Originally I had posted the following as a comment in a Reddit thread about Ian’s strange tweets, I’ve brought the list here to archive.
An argument against the Occupy protests in NYC which a co-worker frequently makes is that they annoy the residents with the constant drumming. Speaking as someone who considers camping where there are all night drum circles *vacation*, I can understand that argument – incessant drumming can get to be annoying (I much prefer melodic acoustic instruments), but the kids and I have had no trouble falling asleep to a tribal beat performed by hundeds of swarthy would-be belly-dancing accompainists. I did a quick survey of news articles to gauge how the residents near Zuccotti Park may have felt about Occupy drum circles, and lighted upon this recent article (Nov 14th) in the Times.
Since Sept 17 when the Occupy Wall Street protests began, there have been 175 complaints about noise from residents near Zuccotti park about construction on the nearby World Trade Center which frequently continued on till 2am. During that same time there were 115 complaints about drumming or music or talking. The Times article interviews some residents who claim that the Occupy folks were far better neighbors than the Port Authority during this time – meeting with them and working to address concerns, unlike the Port Authority.
If you have spent any time in the city over the last 10 years I assure you that the loud booming you usually can hear for blocks around you is NOT coming from an acoustic drum, either. For years folks everywhere have been subjected to the amplified electronic beat box of a thousand Honda Civics scraping the ground under the weight of their 2000 watt stereo systems – the only difference is that like the passing train, they don’t stay in the same place for very long so its hard to actually catch these guys – so nobody tries.
There are plenty of other arguments to be made against allowing the Occupy folks to continue camping in Zuccotti Park, but I don’t think drum circles is a very good one.
I’ve watched the Occupy Wall Street protests develop from afar for a couple weeks now.
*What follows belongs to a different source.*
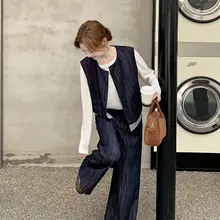 洗練されたデザインのベストとワイドパンツ【秋用・ゆったりとしたシルエット・カジュアルスタイル】（セットアップ対応）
I’ve had to learn about them solely over the internet however, because there seems to be a kind of big media blackout regarding the events. Even NPR has decided they are not news worthy! The gatherings in Liberty Park in NY and in many other cities (like San Francisco and Chicago) across the nation have been largely peaceful with only a smattering of excessive force by the police. The most interesting thing to me regarding these “flash mob” like protests is how they do NOT look like the angry and sometimes violent protests we saw in France in 2006 where gangs of youth torched businesses, or in Greece last year as their inevitable bankruptcy loomed. Those protests were portrayed in the media as either gangs of whining, undeserving youths on rampage or a lazy mob of government workers demanding a free ride.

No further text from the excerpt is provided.